Review: Magic Show Fails To Pull New Tricks Out Of The Hat
When did magic become a team sport? Everywhere you look, conjurers are rarely seen on their lonesome. Yea verily, magic is nowadays all about the #squadgoals.
Take for instance, the so-so multi-magician caper Now You See Me which sees its sequel hit the cinemas this month. Then there’s The Illusionists who had a stay at the Shaftesbury Theatre in 2015 and the upcoming Champions Of Magic at Logan Hall from this Sunday. Into this fray enters the latest iteration of Impossible, opening this week at the Noel Coward Theatre.
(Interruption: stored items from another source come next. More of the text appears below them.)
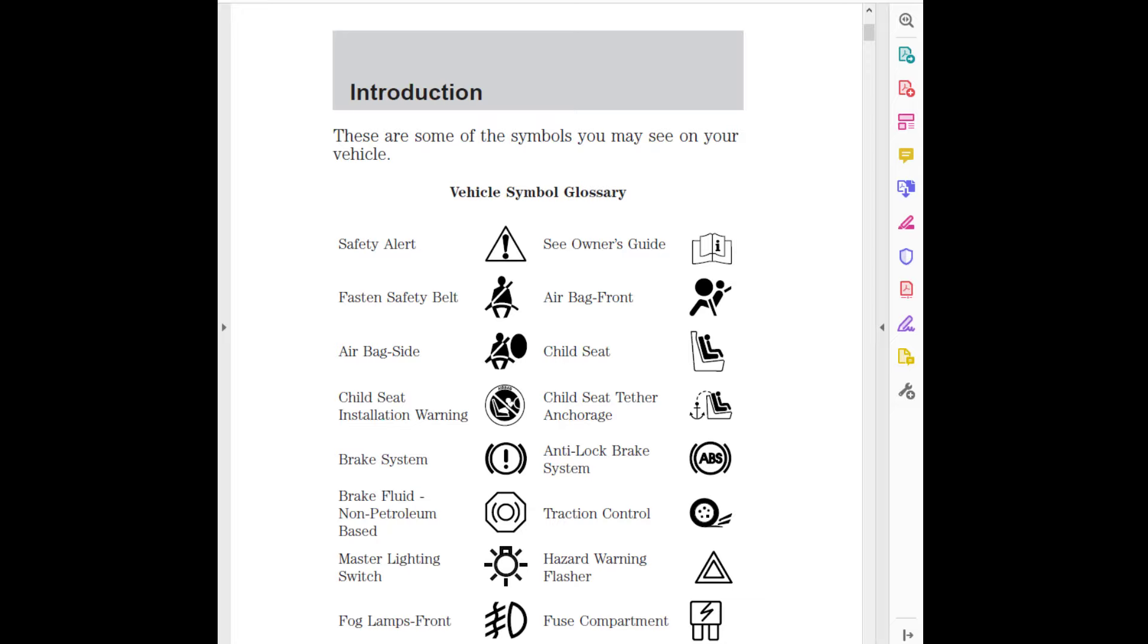Anti-lock brake system, Brake fluid non-petroleum based, Traction control, Master lighting switch, Hazard warning flasher, Fog lamps front, Fuse compartment, Fuel pump reset, Windshield wash/wipe.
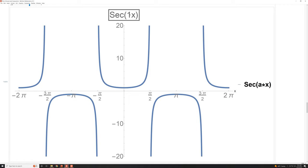What if you change the number on the inside? Remember, that number tells you how many periods you need to have of whatever function it is. Right now it's secant of 1·X, so there should be one period in two pi. If we change it to secant of 2X, then now there need to be two complete periods in a two-pi region — it doubles the frequency, so each individual period gets half as wide. You can see these U's are half as wide to fit more of them in there. And if you increase it further, you get three, four, or five full cycles in a two-pi region — that's just increasing the frequency, or equivalently cutting the period down.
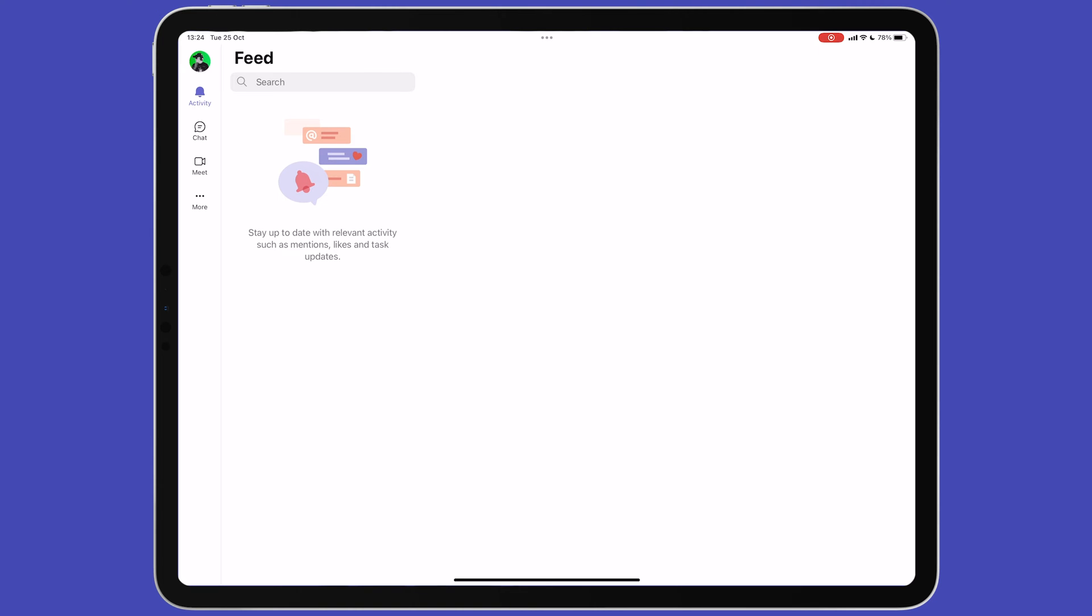When you load the app, you will see a two column screen with a menu bar to the side. The menu bar will show recent activity, the chat, a meet section to set up video conference calls and more with some additional options.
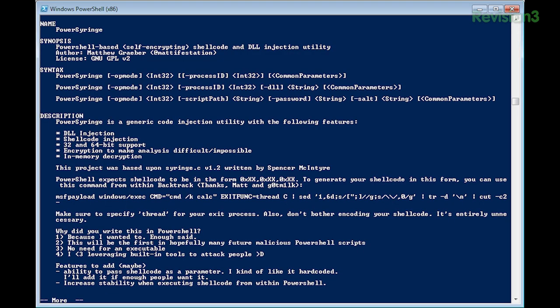What it does primarily is code or DLL injection. Give it whatever payload you want to execute, either locally or in a remote process, and it'll execute that entirely within memory. There's already a bunch of tools to do DLL injection — why use PowerShell? Well, it's great because you don't have to drop an executable on your target machine. It's built into most versions of Windows now, installed by default on Windows 7 and Server 2008 R2. So it's just a great platform to execute code from without dropping a binary on the target.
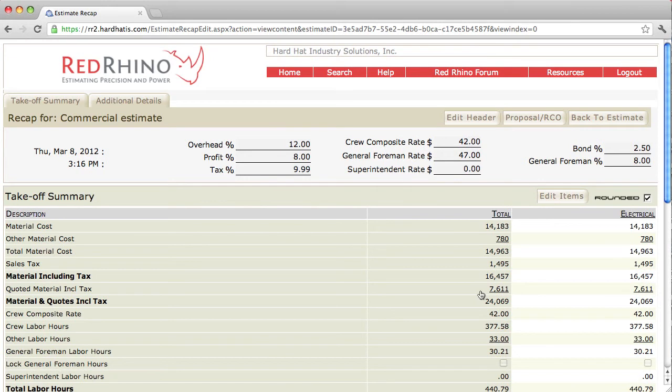Notice that there's $7,611 worth of quoted material on this line. I'm going to show you how to change the markup or reduce the markup to be more competitive.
It’s unlikely that any magic show could beggar belief more than the political goings-on of the last month but the highly talented cast give it a damn fine try. Each comes with their own handy description so we can tell one from another. The Peckham-born 'explosive street magician' Magical Bones (Richard Essien to his mother and the taxman) is a dab hand at close-up magic and has the cheekiest crack of the night (“Kids, don’t try this at home. Do it at school – it’ll be far more fun.”). Through music and patter, he adds a welcome urban vibe to proceedings.
Alongside him are two ex-assistants of famed Vegas act Hans Klok in 'cutting edge conjurer' Sabine Van Diemen and 'grand illusionist' Josephine Lee as well as an impossibly handsome card monkey in 'boundary breaking magician' Ben Hart. Then there’s 'mind-blowing mind-reader' Chris Cox, 'daredevil and escapologist' Jonathan Goodwin and the latest winner of Britain’s Got Talent Lance Corporal Richard Jones. No, you probably can’t remember him either.
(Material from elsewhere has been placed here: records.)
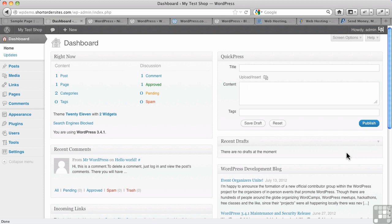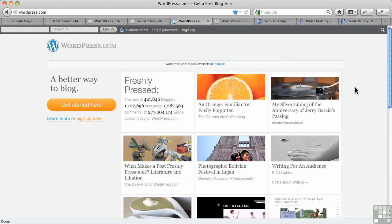For example, I need you to understand that there are two versions of WordPress, and it's important to be clear about the differences. There's WordPress.com. That's the homepage right there. This is a hosted version of the software.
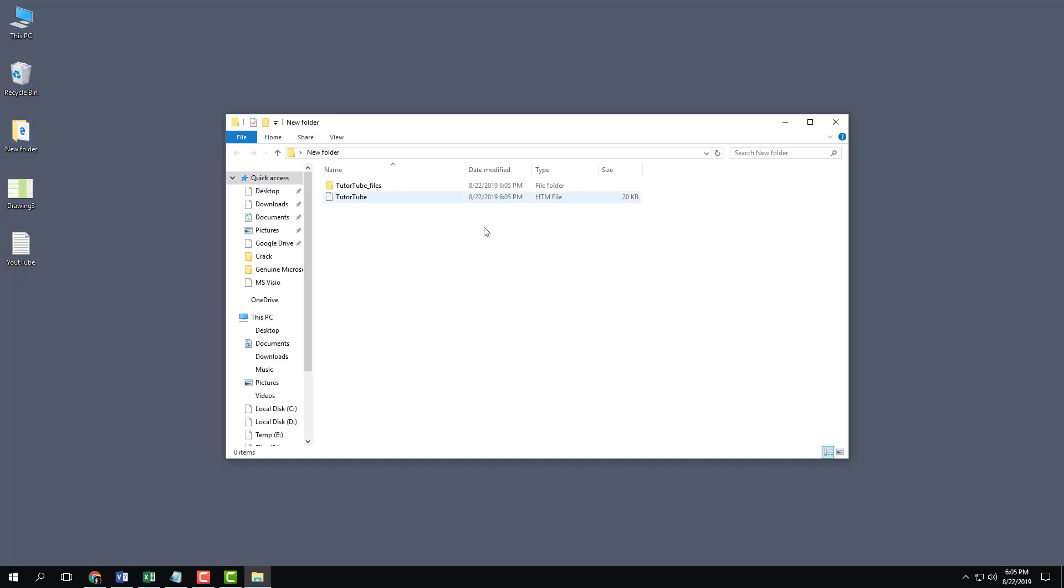I'm going to go to my new folder, and you can see that there's my TutorTube files and TutorTube right there. So that is how you can save your diagrams as HTML pages. Hope you guys learned something. And as always, please like, comment, share, and subscribe.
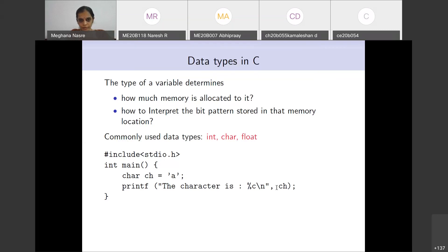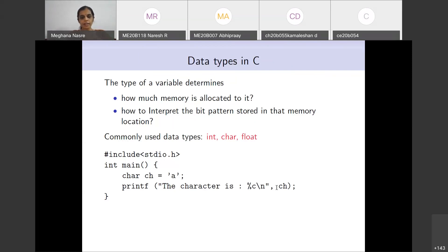A question was raised: should we only use single quotes for initializing a character variable? Yes — single quotes are used to initialize a character. Double quotes will be used for strings, but there is no string data type in C; strings are handled using a character array and you can use double quotes there. But if you want to initialize a character variable, you use single quotes.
What do they all add up to? Well, there lies the rub. This is dim sum magic, a conveyor belt of routines that should cater to all tastes but we all know someone always ends up with the chicken feet. Each performer pops up, entertains the masses, then pops back down again to be replaced by a colleague. There are no substantial collaborations or narrative thread and the routines could be run in reverse order with no discernible difference.
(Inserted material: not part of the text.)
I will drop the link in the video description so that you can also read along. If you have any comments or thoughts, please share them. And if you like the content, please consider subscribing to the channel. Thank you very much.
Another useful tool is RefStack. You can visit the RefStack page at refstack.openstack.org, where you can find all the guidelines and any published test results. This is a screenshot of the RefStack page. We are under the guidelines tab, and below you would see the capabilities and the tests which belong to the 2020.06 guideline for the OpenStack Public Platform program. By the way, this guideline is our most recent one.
The humour isn’t consistent, at one extreme too risqué for family audiences and, at the other, too juvenile for the adults. The routines themselves are more often than not variants on very old or common tricks. Someone being sawn in half? Check. An escape from a straitjacket? Check. An escape from chains while upside down in water? Check. Card tricks and sleight of hand? Check. A mentalist act not a million miles from the likes of Doug Segal, Peter Antoniou et al? Checkitty check check.
Some of the acts aren’t helped by the theatre setting. There’s a reason why close-up magic is called close-up magic and why street magicians rarely perform on motorways. These styles of sorcery require a certain intimacy and, while there is good use of cameras and screens to demonstrate what is happening on stage, the impact of watching some nifty sleight of hand and seeing the reaction on the mark’s face is minimal from forty feet away.
The backstage crew do a great job of adding theatrical ballast to Impossible's lightweight premise. The dramaturgs employed here not-so-subtly crowbar in an informative historical theme and the sound and lighting is all one could wish for even if the OTT dramatics and music occasionally give the average Hammer horror flick a run for its money. “Look out!” imply the overly ominous melodies, “what you are seeing is highly dangerous and it could all go tragically wrong!” Like hell. There’s more chance of a Southern train arriving on time.
Having said all that, this show has enough watercooler moments to warrant a look for those who haven’t seen a similar production. The live setting provides a more tangible connection than watching the same routines on screens small or silver but, for some of the show, that effect will decrease the further from the stage you are. Those looking to get their magic kicks in smaller surroundings may do better checking out local efforts like Ealing’s monthly Conjuring At The Court.
Impossible is far less than the sum of its parts but, then again, doing justice to the assembled talents really would be impossible.
Impossible continues at the Noel Coward Theatre until 27 August. Tickets are £10-£65. Londonist attended on a press ticket.